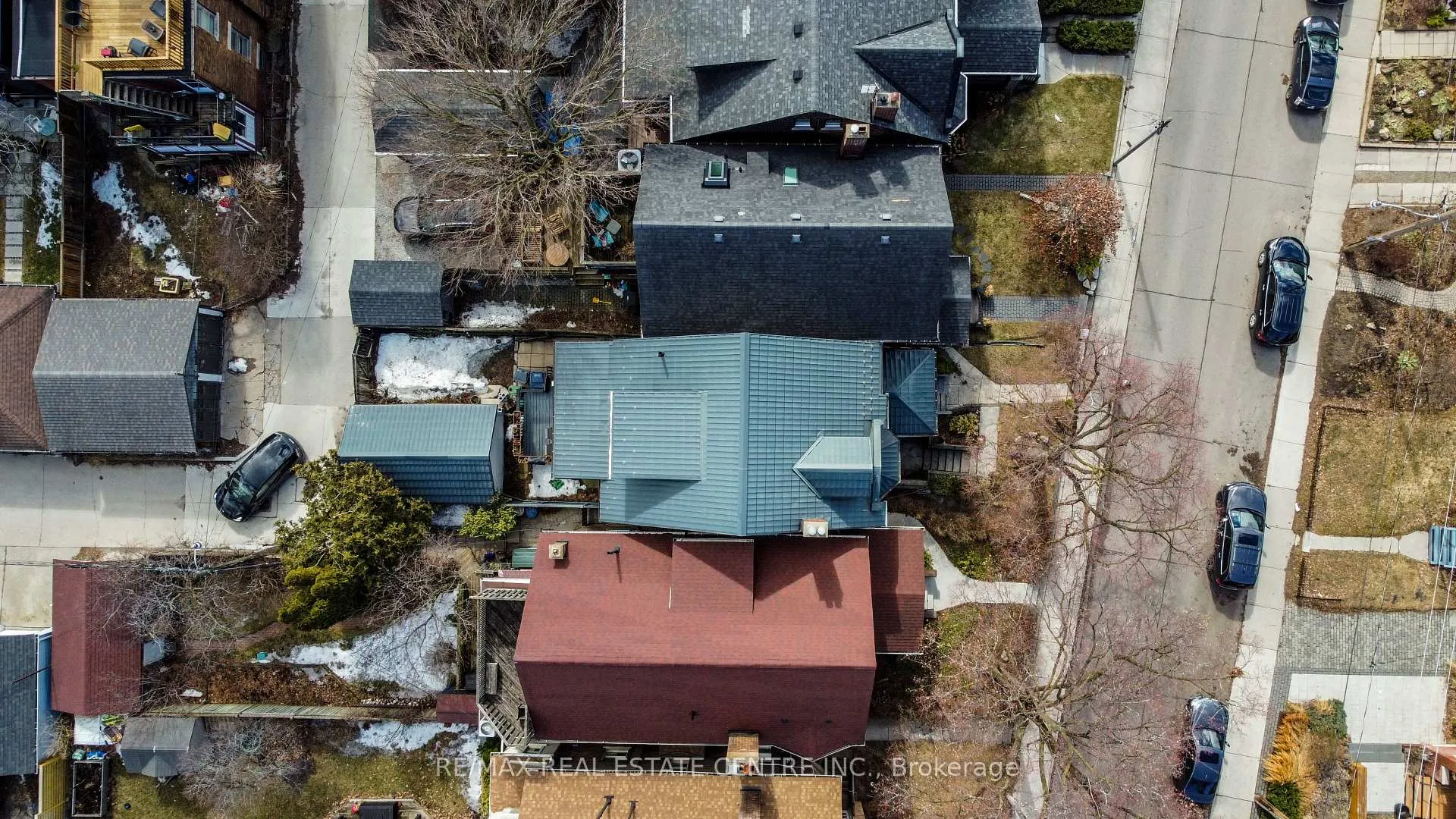 Photo 40 of 213 Indian Road, Toronto, High Park-Swansea — HOMEH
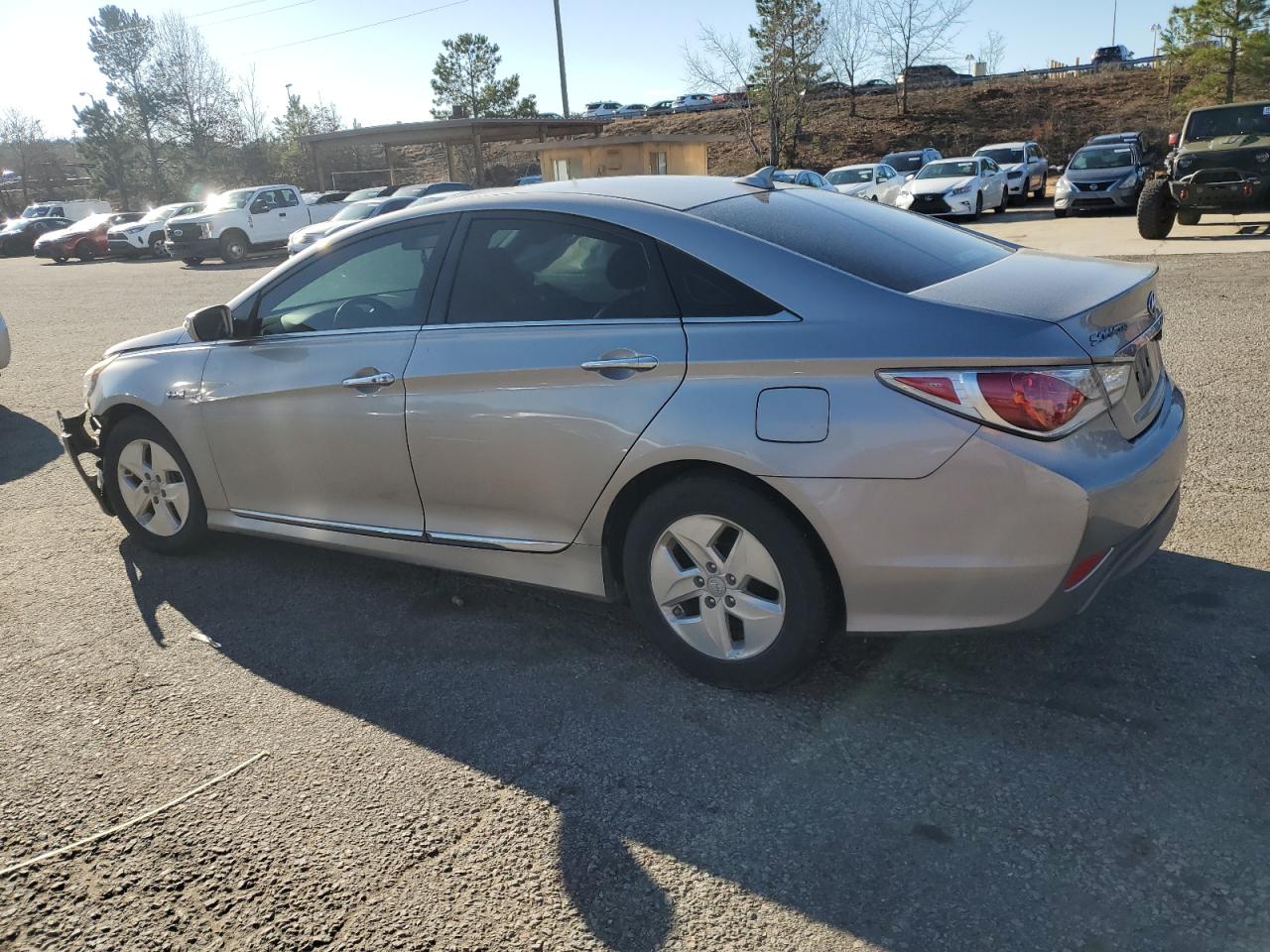 2011 Hyundai Sonata - Image 2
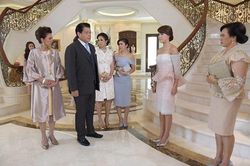 Nghe họ hàng xì xào con dâu là gái 'nạ dòng', mẹ chồng tôi vén áo lên kể một câu chuyện khiến tất cả mọi người đều sững sờ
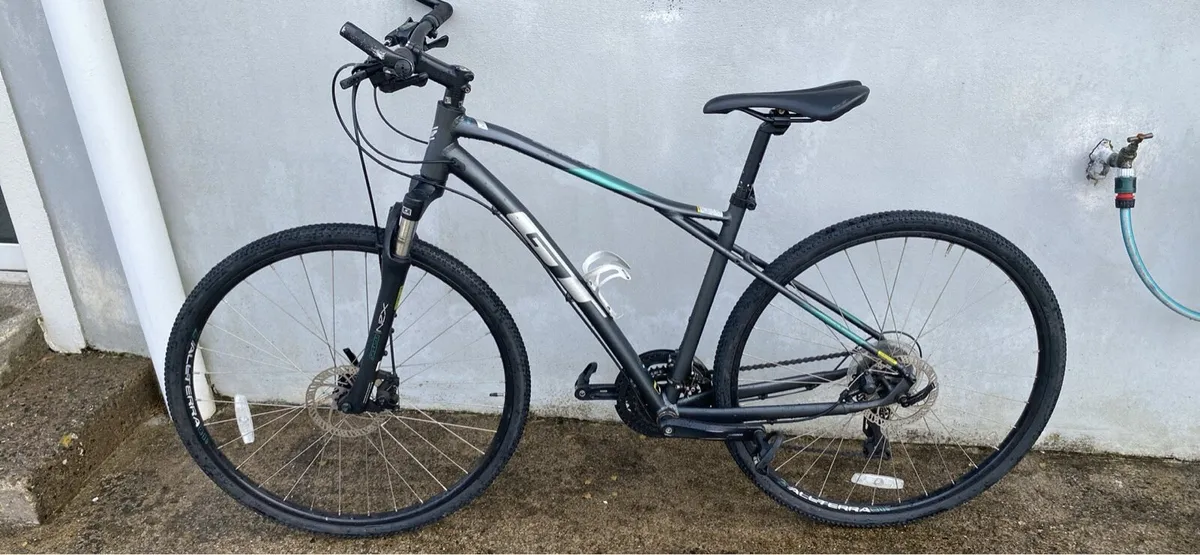 Hybrid bike - Image 1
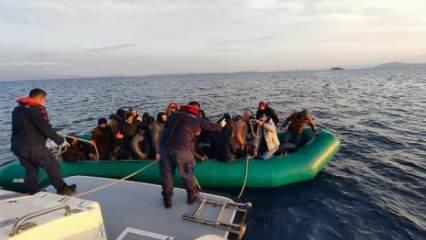 İzmir'de 29 göçmen kurtarıldı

════════════════

Leave the pictures aside. Set down exactly the lines from the one with "2011 Hyundai Sonata - Image 2" through the final line of the listing above.

 2011 Hyundai Sonata - Image 2
 Nghe họ hàng xì xào con dâu là gái 'nạ dòng', mẹ chồng tôi vén áo lên kể một câu chuyện khiến tất cả mọi người đều sững sờ
 Hybrid bike - Image 1
 İzmir'de 29 göçmen kurtarıldı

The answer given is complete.